これらは、製精し純品として使用できるし、また、これを混合して使用することができる。天然由来の高級アルコール混合物は、そのままで本発明に使用できるので、実施に適している。
代表的な天然由来の組成を表1にまとめる。
【0009】
【表1】

この中でも米糠から得られる高級アルコール混合物は、原料の入手が容易かつ安価なので、本発明の使用に適している。
【0010】
かかる高級脂肪族アルコールは、天然ワックスの加水分解反応等により得ることができる。反応方法は、アルカリ触媒等を用いた化学反応法、リパーゼ等の油脂加水分解酵素を用いた生化学反応法のいずれでもよい。分解生成物である高級脂肪族アルコールの一般的な精製方法は、ヘキサン、アセトン、エタノール等の有機溶剤、または中鎖トリグリセライド(MCT油)等の食品素材を用いて抽出する方法が挙げられるが、本発明にかかる高級脂肪族アルコールの抽出はいずれでもよい。また、高級脂肪族アルコール分子内の水酸基に、一度、エチル基、メチル基等を修飾し、蒸留により分離した後、修飾基を除去する方法もあるが、本発明にかかる高級脂肪族アルコールは、いずれの方法で得られたものでもよい。
【0011】
本発明の脂質代謝調整剤は、かかる高級脂肪族アルコールを有効成分とするものである。本発明の脂肪代謝調整剤は、医薬品又は飲食物とすることが好ましい。医薬品としては経口投与剤が好ましい。

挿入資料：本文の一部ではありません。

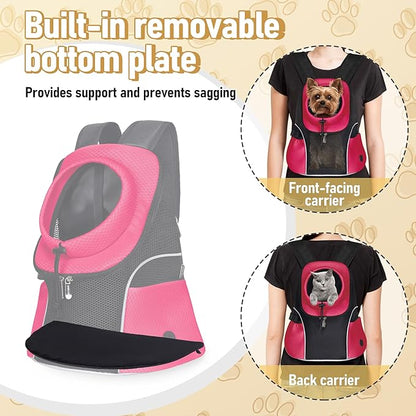 WOYYHO Pet Dog Carrier Backpack Small Dog Front Backpack Ventilated Mesh Dog Travel Back Pack with Safety Belt for Travel Hiking Cycling Outdoor Use (L (10-14 lbs), Black)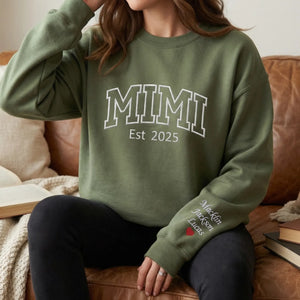 Custom Embroidered Mimi Est Year Sweatshirt with Names on Sleeve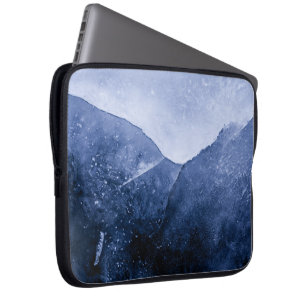 Blauw Ijs Abstracte Kunst Foto Laptop Sleeve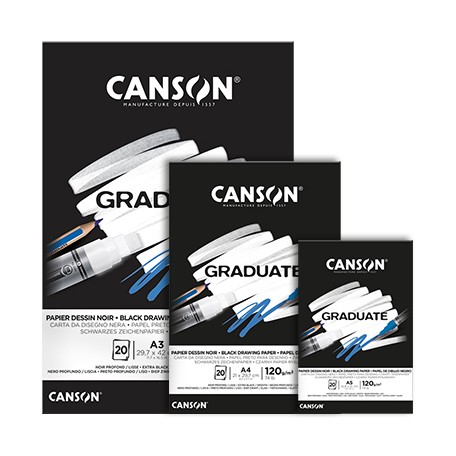 Blok Canson Graduate Black 120 g/m² - 20 listov - rôzne veľkosti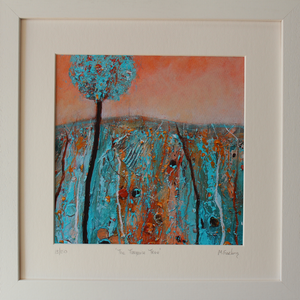 Framed print of a turquoise tree in a turquoise and copper landscape by Martina Furlong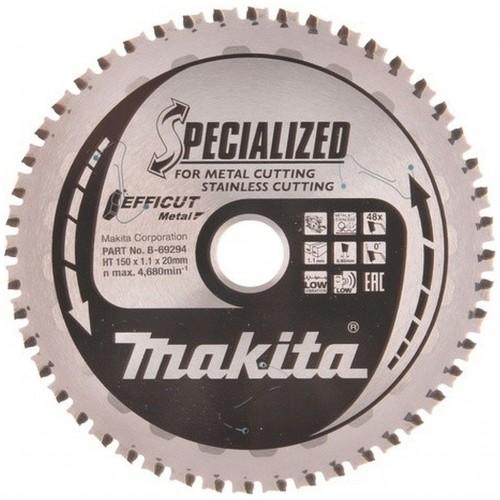 Makita B-69294 TCT Efficut Sägeblatt, das Metall 150x20mm 48Z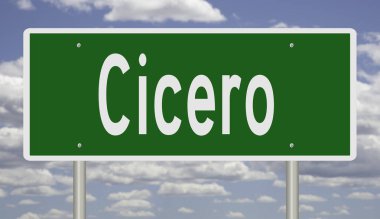 İşaretli yeşil 3D otoyol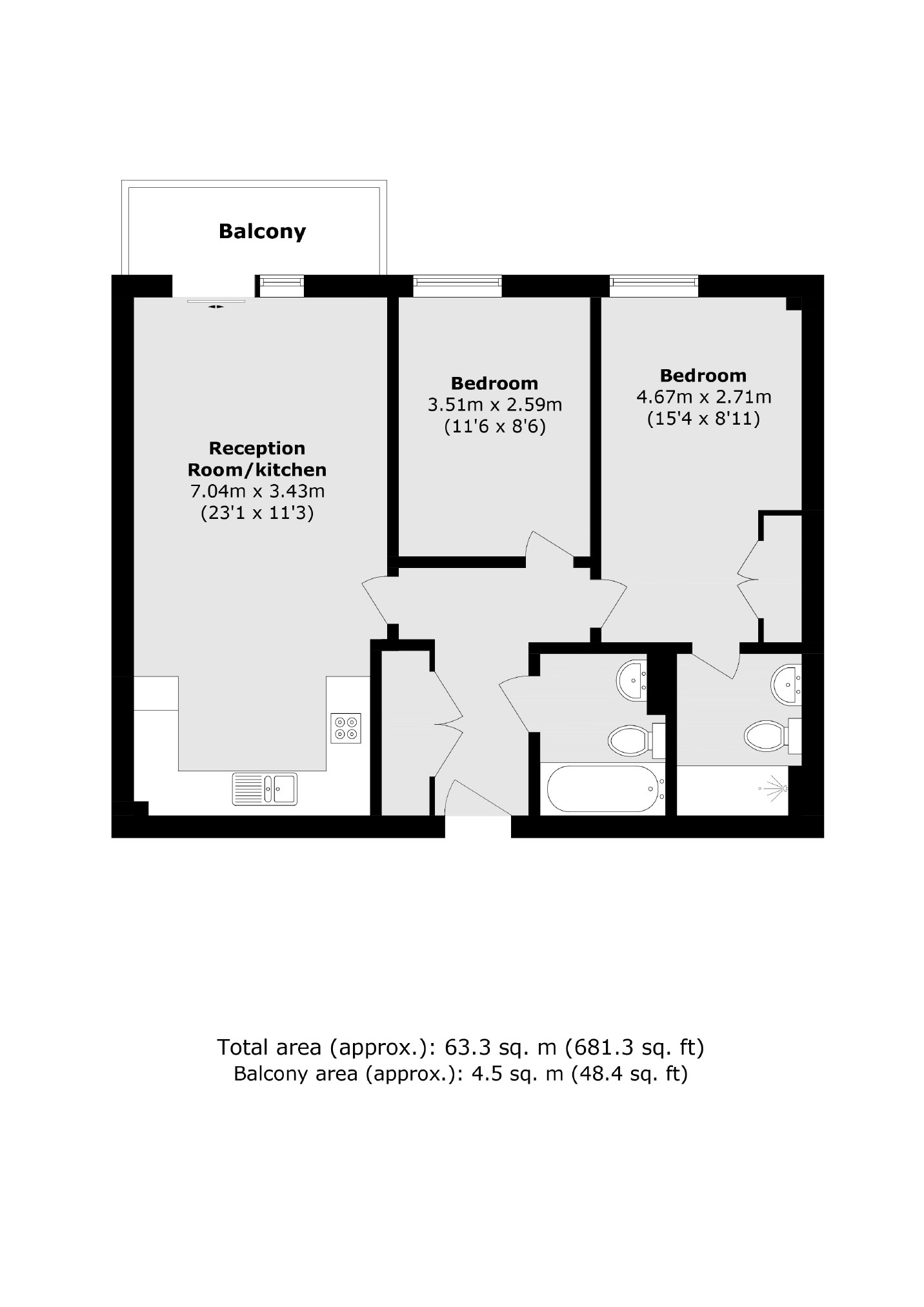 16 Fleming House, St. Georges Grove, London floorplan
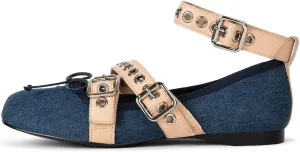 Divanne Ballet Flats for Women, Cross-Strap Ballerina Shoes Bowtie Mary Jane Flats Dress Ballet Shoes with Ankle Strap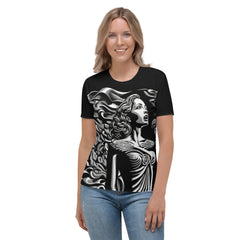 Symphonic Style All-Over Print Women's Crew Neck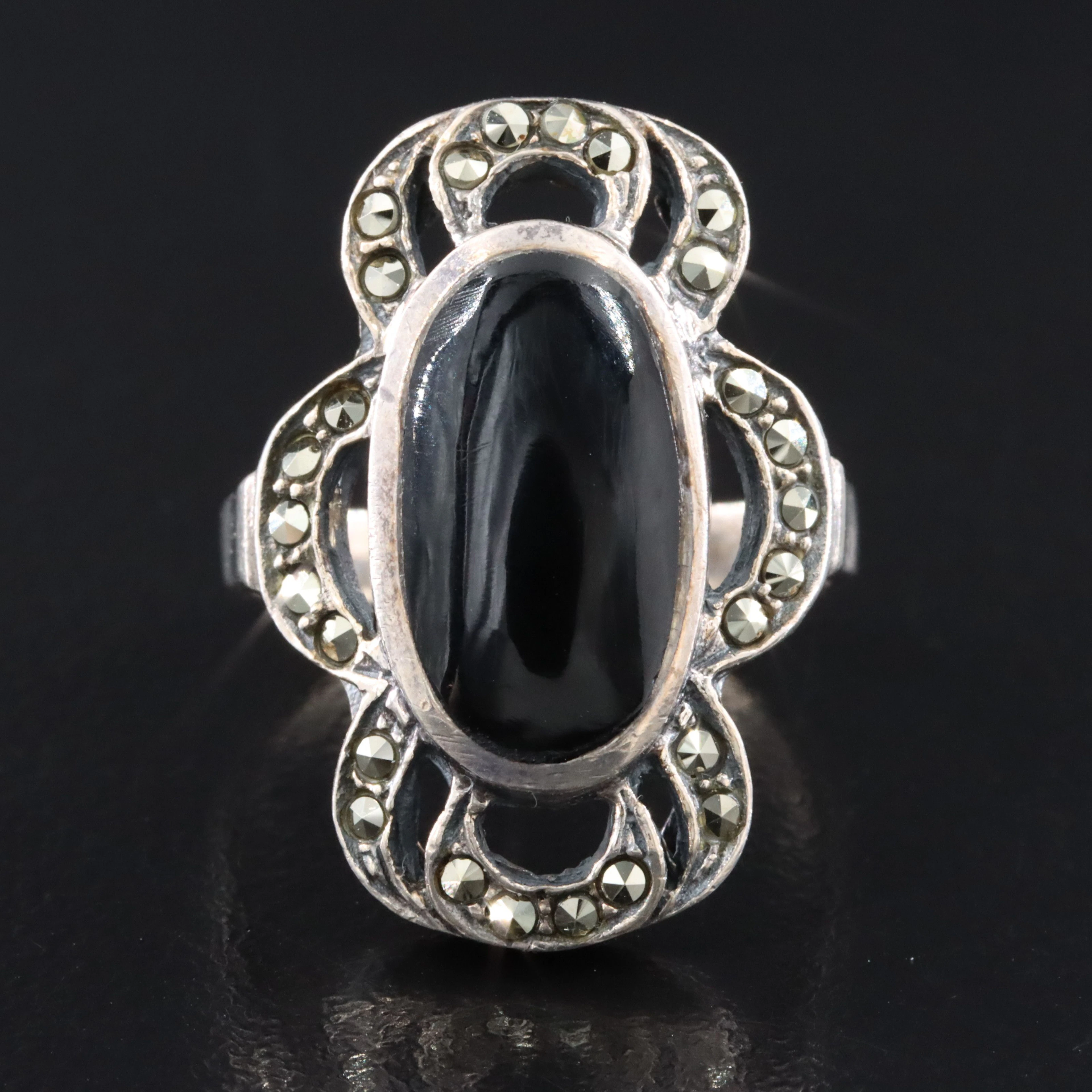 Sterling Black Onyx and Marcasite Ring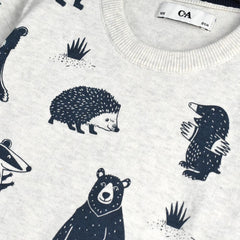 C&A HEATHER GREY BEAR PRINTED JUMPER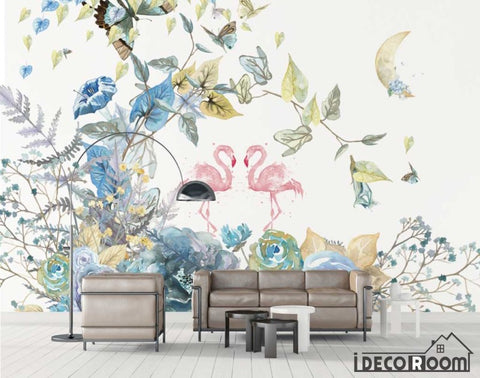Image of Nordic floral flamingo wallpaper wall murals IDCWP-HL-000338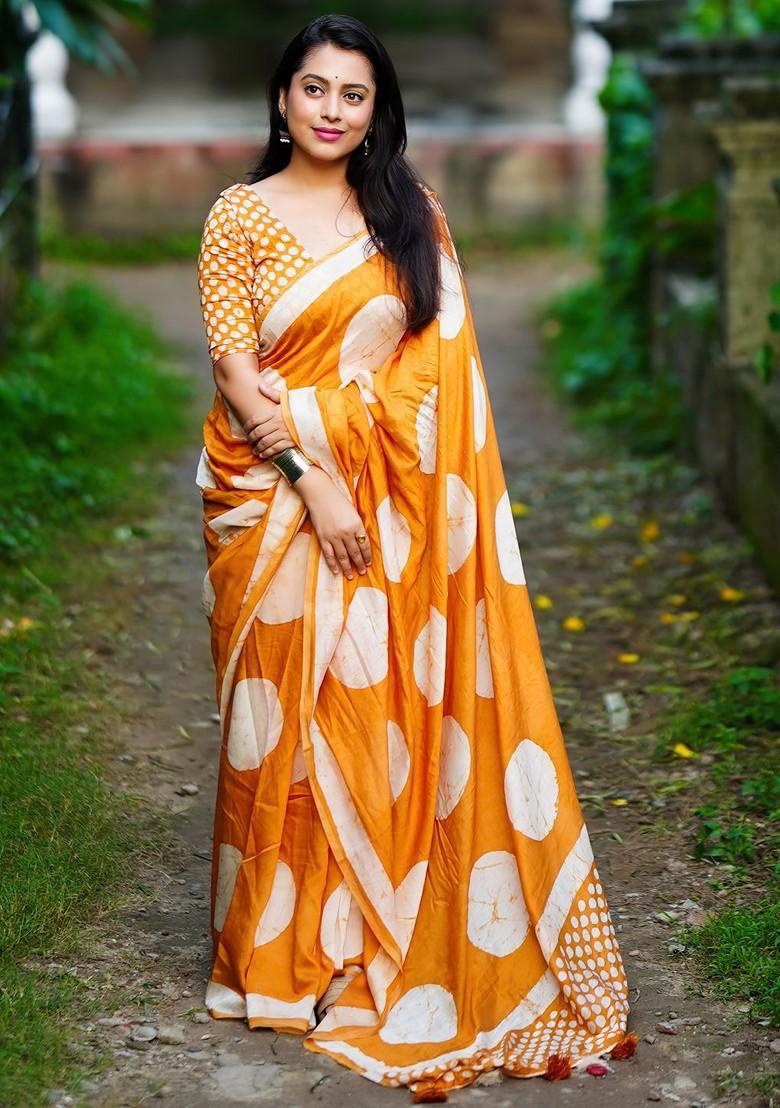 Orange Embroidered Blended Saree Set - Indya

経口投与剤とする場合には、その形態に特に制限はなく、例えば散剤、顆粒剤、カプセル剤、丸剤、錠剤等の固形製剤、水剤、懸濁剤、乳剤等の液剤等が挙げられる。これらの医薬品は、高級脂肪族アルコールの他に、必要に応じて医薬品の形態に応じて一般に用いられる、賦形剤、崩壊剤、結合剤、滑沢剤、界面活性剤、アルコール類、水、水溶性高分子、甘味料、矯味剤、酸味料等を添加し、常法に従って製造することができる。
【0012】
飲食物としては、例えば特定の機能を発揮して健康増進を図る健康食品が挙げられる。具体的には、高級脂肪族アルコールを配合した調理油、錠剤、顆粒剤、ドレッシング類、マヨネーズ類、合成クリーム類、チョコレートやポテトチップス等の菓子類等が挙げられる。かかる飲食物は、上記高級脂肪族アルコールの他に、飲食物の種類に応じて一般に用いられる食品原料を添加し、常法に従って製造することができる。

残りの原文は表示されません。